### Required work
A single stretch of the material below is to be transcribed exactly, starting at the line with "Conjunto de Yoga" and ending after the line with "18/21ct Gold and".

### Supplied records
BEGIN

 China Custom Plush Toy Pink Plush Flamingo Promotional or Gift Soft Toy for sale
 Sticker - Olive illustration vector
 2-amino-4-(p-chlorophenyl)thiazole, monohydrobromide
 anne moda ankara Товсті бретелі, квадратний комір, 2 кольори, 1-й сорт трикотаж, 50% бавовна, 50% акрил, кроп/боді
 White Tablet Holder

END
BEGIN

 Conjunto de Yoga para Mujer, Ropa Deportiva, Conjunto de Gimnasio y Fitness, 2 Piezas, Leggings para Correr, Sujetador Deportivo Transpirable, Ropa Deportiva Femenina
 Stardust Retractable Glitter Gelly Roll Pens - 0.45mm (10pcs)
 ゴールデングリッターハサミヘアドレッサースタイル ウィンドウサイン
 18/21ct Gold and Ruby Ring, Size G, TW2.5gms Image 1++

END

### Task result
 Conjunto de Yoga para Mujer, Ropa Deportiva, Conjunto de Gimnasio y Fitness, 2 Piezas, Leggings para Correr, Sujetador Deportivo Transpirable, Ropa Deportiva Femenina
 Stardust Retractable Glitter Gelly Roll Pens - 0.45mm (10pcs)
 ゴールデングリッターハサミヘアドレッサースタイル ウィンドウサイン
 18/21ct Gold and Ruby Ring, Size G, TW2.5gms Image 1++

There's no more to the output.